■ **Work order**:
An exact transcription of every record is needed, leaving out the pictures.

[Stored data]
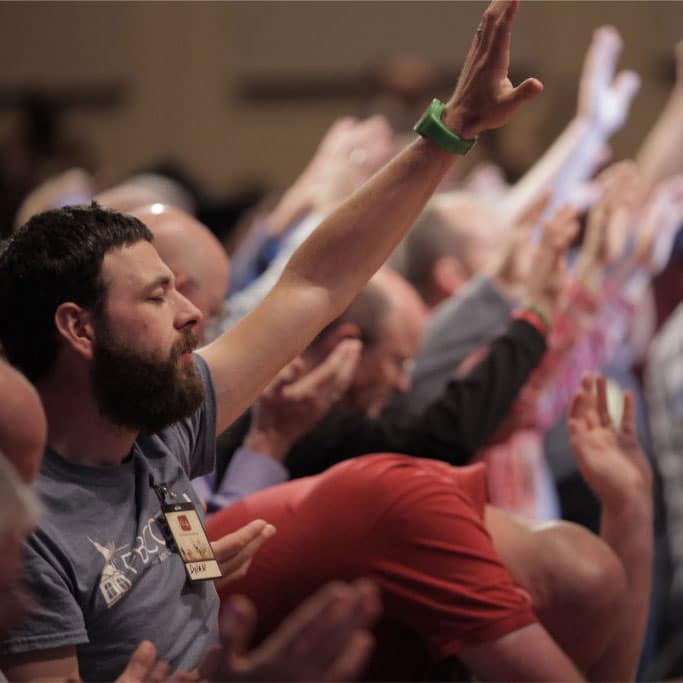 A group of pastors lift their hands in worship and prayer.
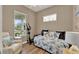 Guest bedroom featuring a day bed, exercise equipment, and ample natural light at 1172 Fiesta Key Cir, Lady Lake, FL 32159
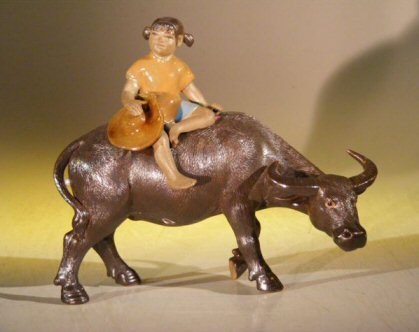 unknown Miniature Figurine: Girl Riding on a Buffalo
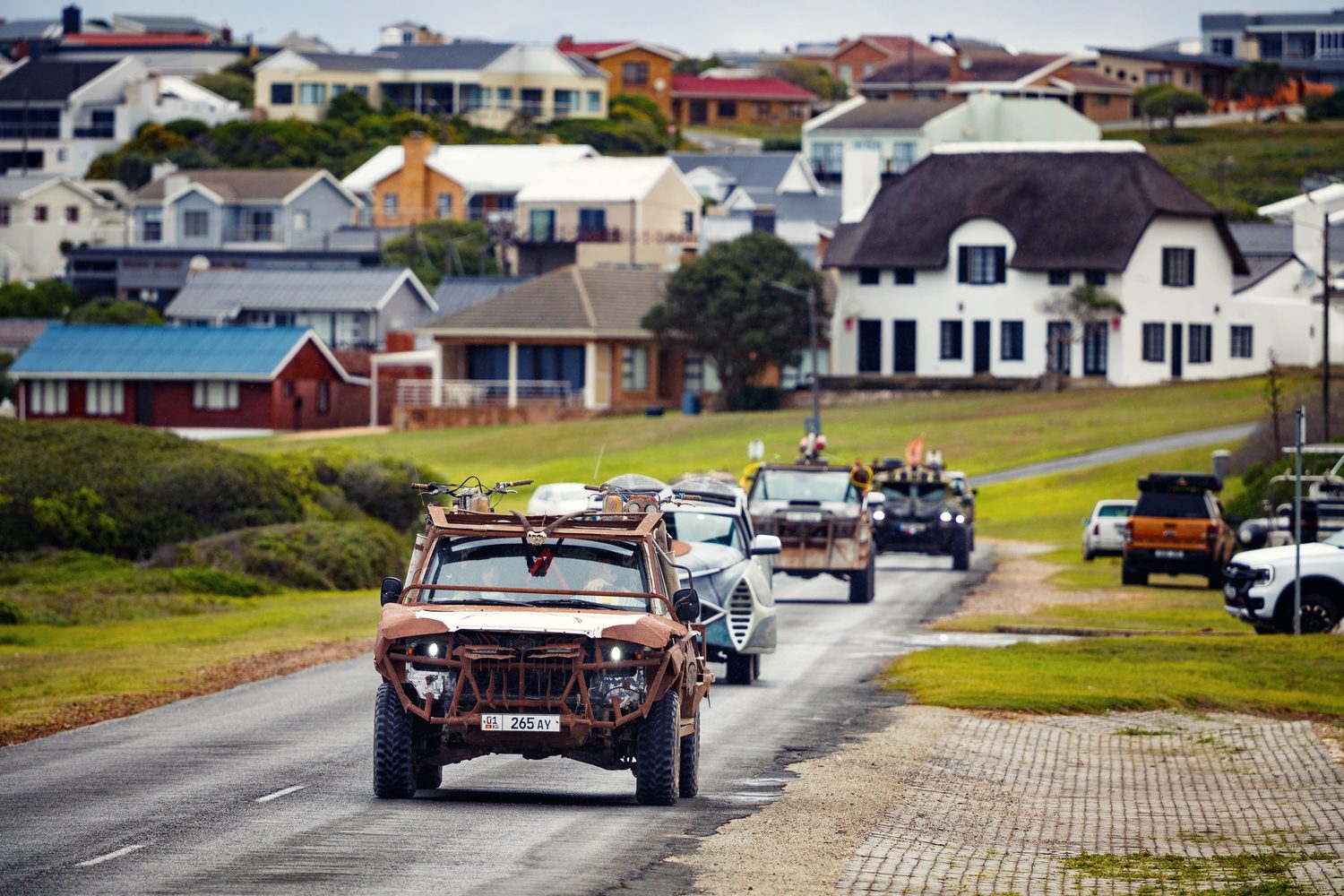 MadWay Rally convoy driving through a coastal village near Gansbaai, South Africa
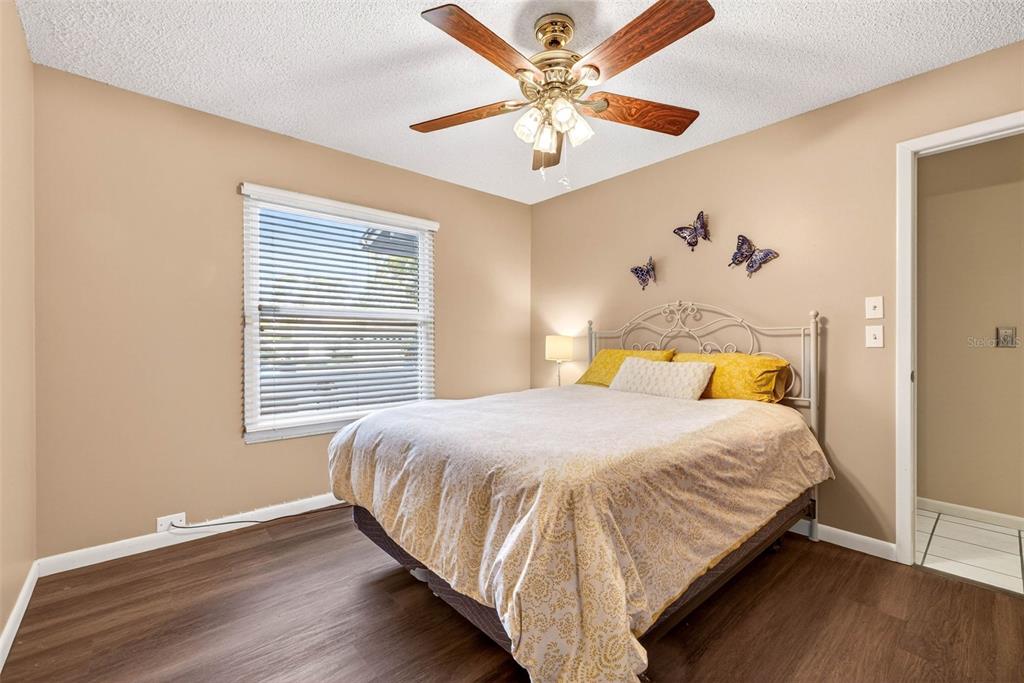 12913 Rain Forest Street Temple Terrace, FL 33617 - Photo 36 of 63 a bedroom with a bed and a chandelier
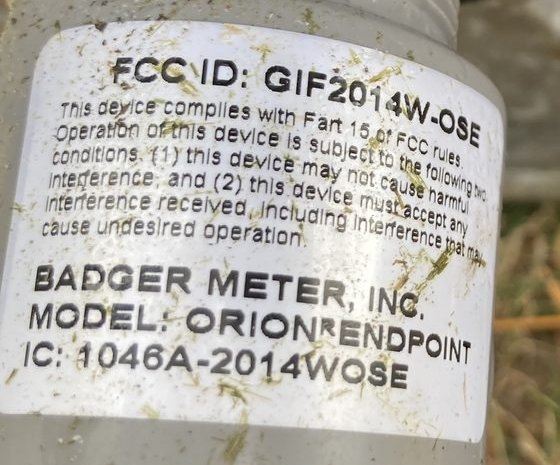 A cylindrical ORION water-meter endpoint lifted out of the well, with its FCC label facing the camera: 'FCC ID: GIF2014W-OSE', 'BADGER METER, INC.', 'MODEL: ORION ENDPOINT', 'IC: 1046A-2014WOSE'.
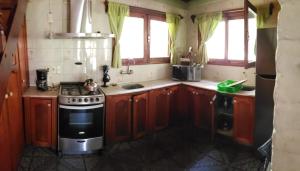 Una cocina con gabinetes de madera y un horno de estufa. en La Casa de Lili, en La Pedrera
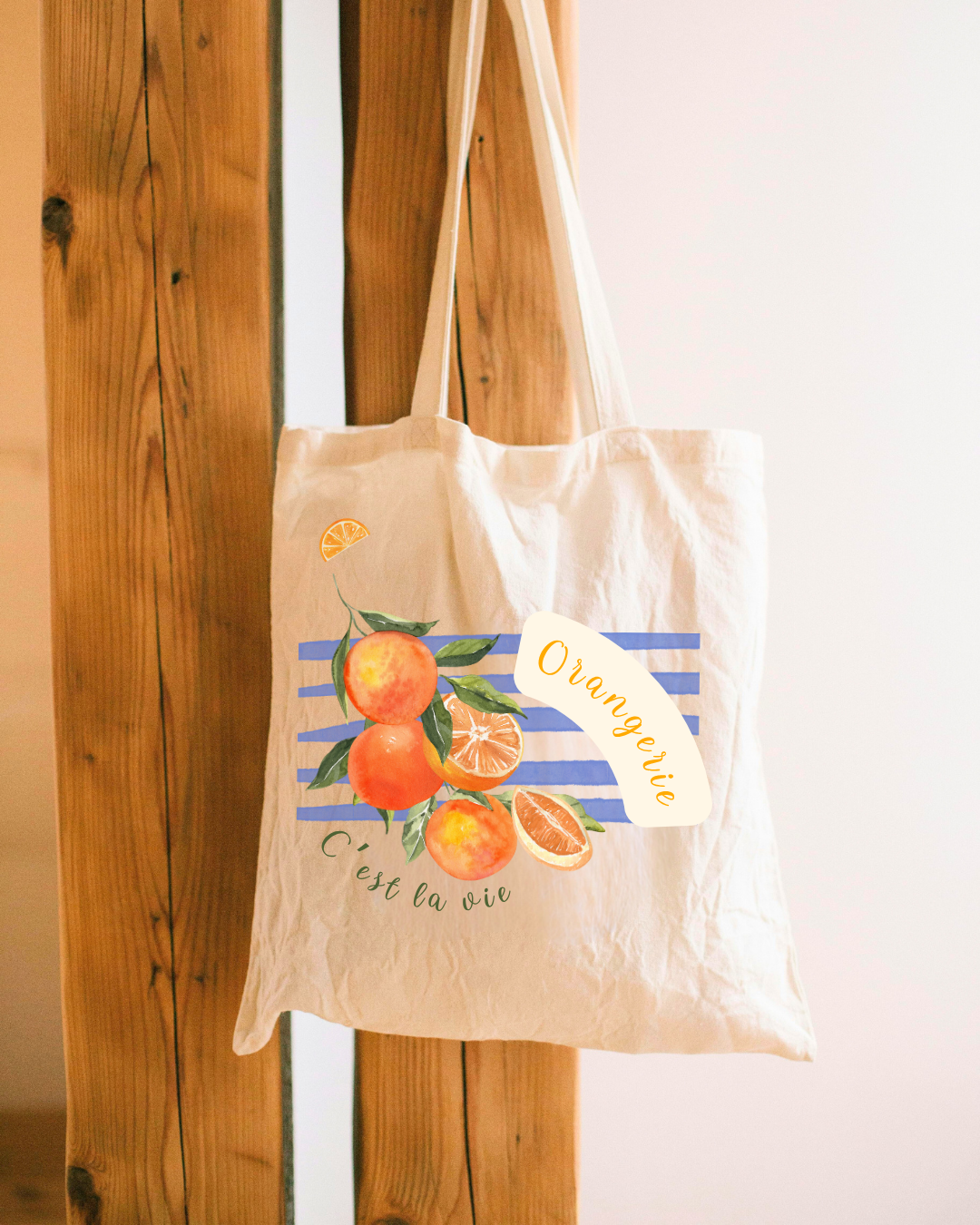 Saco de pano bege com estampado de laranjas e texto, pendurado em madeira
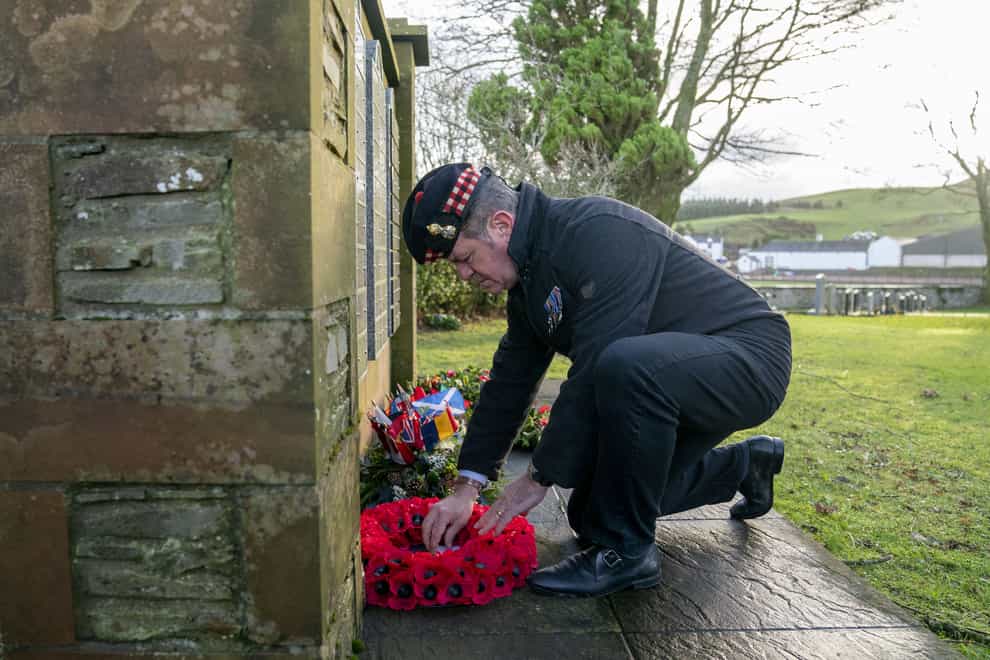 People lay wreaths before a remembrance service at Tundergarth Church to mark the 35th anniversary of the Lockerbie bombing (Jane Barlow/PA)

■ **Solution to this exercise**:
 A group of pastors lift their hands in worship and prayer.
 Guest bedroom featuring a day bed, exercise equipment, and ample natural light at 1172 Fiesta Key Cir, Lady Lake, FL 32159
 unknown Miniature Figurine: Girl Riding on a Buffalo
 MadWay Rally convoy driving through a coastal village near Gansbaai, South Africa
 12913 Rain Forest Street Temple Terrace, FL 33617 - Photo 36 of 63 a bedroom with a bed and a chandelier
 A cylindrical ORION water-meter endpoint lifted out of the well, with its FCC label facing the camera: 'FCC ID: GIF2014W-OSE', 'BADGER METER, INC.', 'MODEL: ORION ENDPOINT', 'IC: 1046A-2014WOSE'.
 Una cocina con gabinetes de madera y un horno de estufa. en La Casa de Lili, en La Pedrera
 Saco de pano bege com estampado de laranjas e texto, pendurado em madeira
 People lay wreaths before a remembrance service at Tundergarth Church to mark the 35th anniversary of the Lockerbie bombing (Jane Barlow/PA)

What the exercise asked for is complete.